## [YOUR ASSIGNMENT]
Where a picture appears, skip it and copy everything else in the listing exactly.

## [DATA EXTRACT]
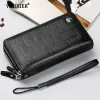 Wallets weixier nova e genuína embreagem de couro celular longa carteira masculina simples de vaca multifuncional com zíper de dinheiro bolsa de negócios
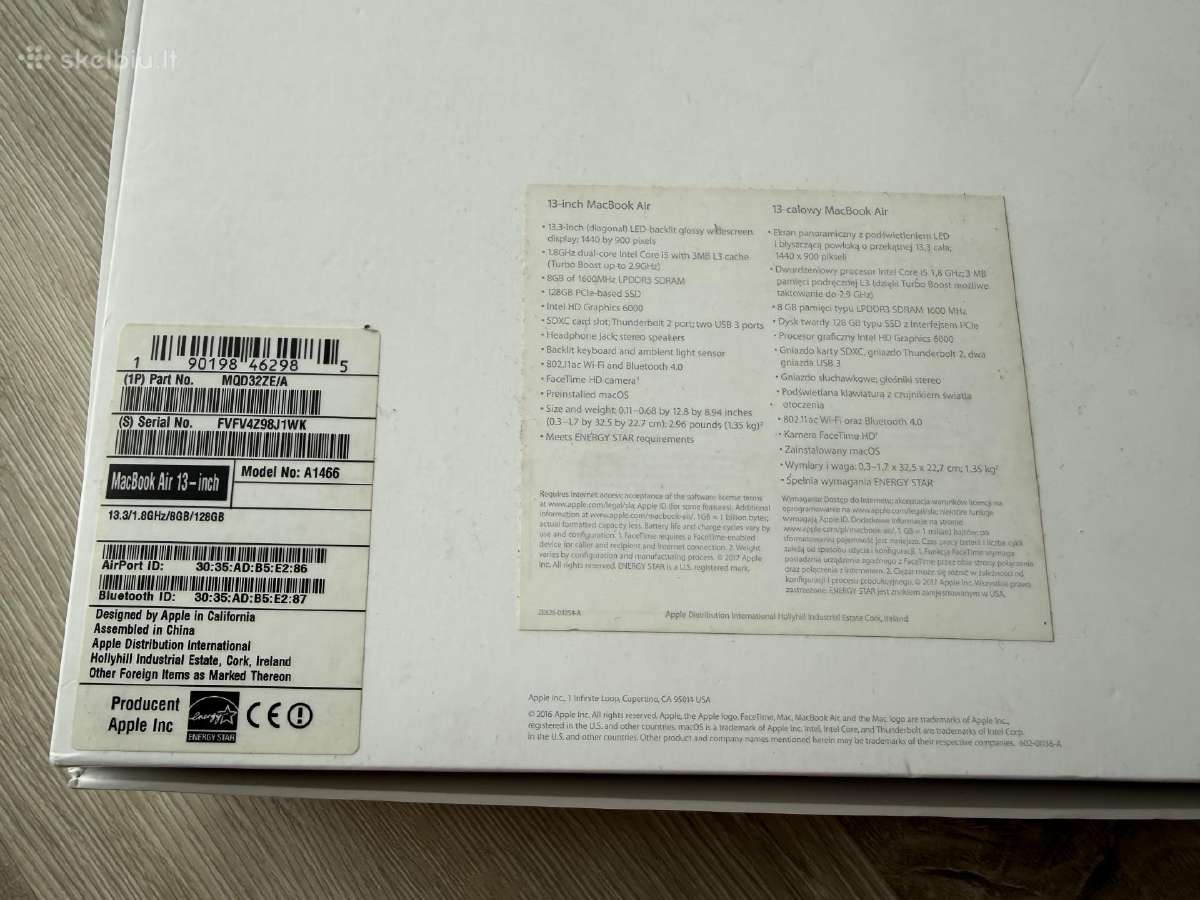 MacBook Air 2017 (13 inch) - nuotraukos Nr. 3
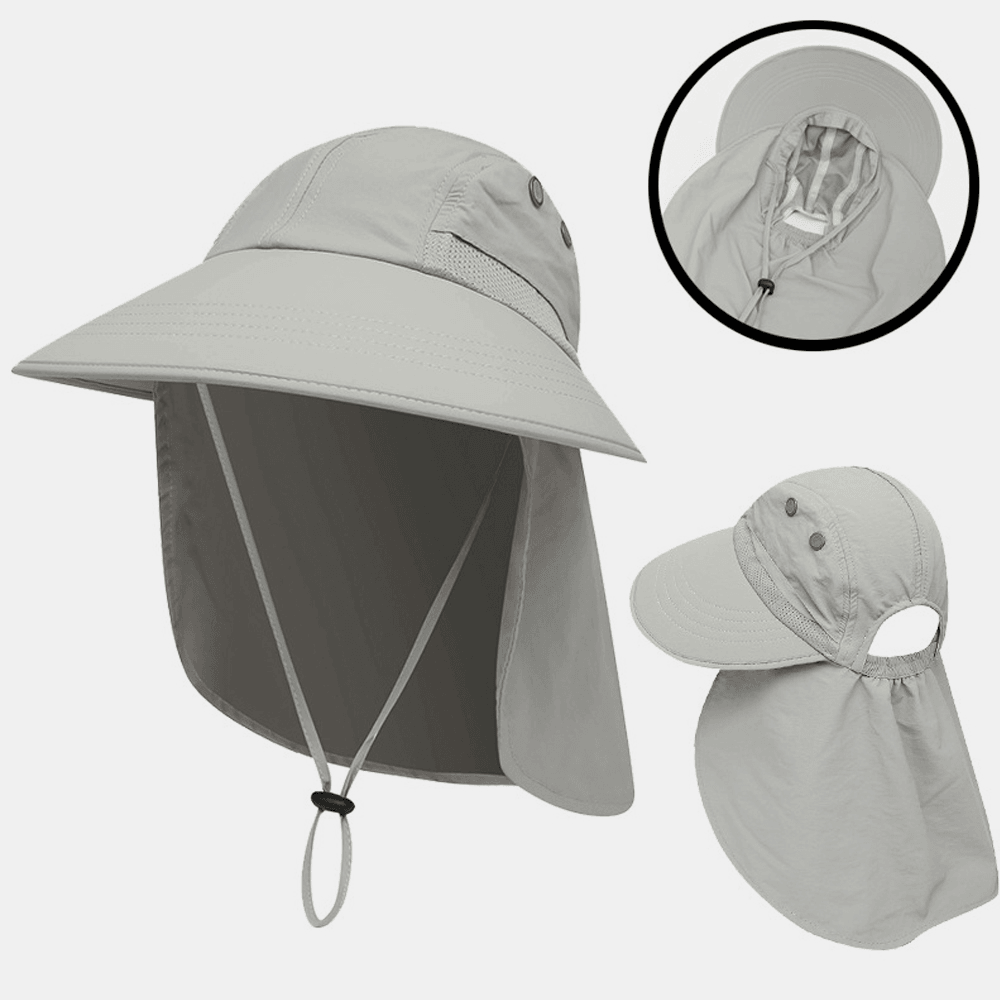 Unisex Nylon Solid Color Adjustable Summer Outdoor Sunshade Fishing Climbing Hat Breathable Bucket Hat - MRSLM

## [EXERCISE OUTPUT]
 Wallets weixier nova e genuína embreagem de couro celular longa carteira masculina simples de vaca multifuncional com zíper de dinheiro bolsa de negócios
 MacBook Air 2017 (13 inch) - nuotraukos Nr. 3
 Unisex Nylon Solid Color Adjustable Summer Outdoor Sunshade Fishing Climbing Hat Breathable Bucket Hat - MRSLM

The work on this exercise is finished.